Let's put it this way: you are asked to write a program that simulates the behavior of an LCR circuit. Do you create objects to represent the components of the circuit?
That example isn't specified enough to show the problem. It's either too simple or too hard. Since we're talking about a beginner, I'll assume you meant it at too simple. But even then you're assigning it to a person with a reasonably technical background. In which case, the LCR circuit is the object and you are asking for a method.
"the LCR circuit is the object and you are asking for a method"
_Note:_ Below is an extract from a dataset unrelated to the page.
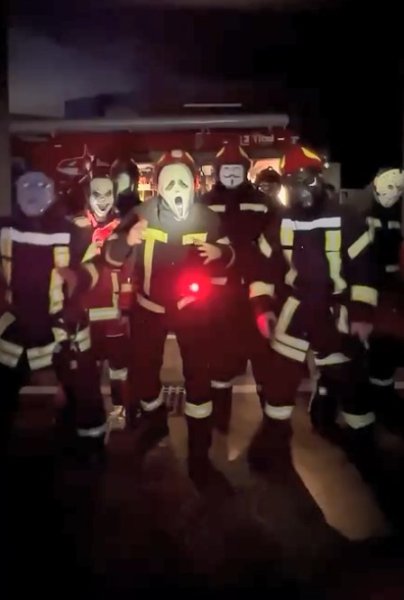 Хелловін, ДСНС, Одеса, костюми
I think that you still have the wrong abstraction here. If you are looking for a general solution, it should be one that can handle LCR circuits, mass-spring systems, etc., though that is probably too much for an introductory course. My real point is that there is nothing to be gained by modeling circuit components or even circuits as objects -- you do not improve maintainability, you do not encourage code reuse, and you do increase the amount of code that does nothing to solve the problem.
"My real point is that there is nothing to be gained by modeling circuit components or even circuits as objects"
That directly contradicts how SICP teaches it:
Our computational model of a circuit will be composed of objects that correspond to the elementary components from which the circuit is constructed. (p. 273, 2nd ed.)
Elsewhere they say:
If we have been successful in our system organization, then to add a new feature or debug an old one we will have to work on only a localized part of the system. (p. 217)
... which sounds a lot like the benefits you deny. Do you really think SICP is wrong to teach this way? I don't.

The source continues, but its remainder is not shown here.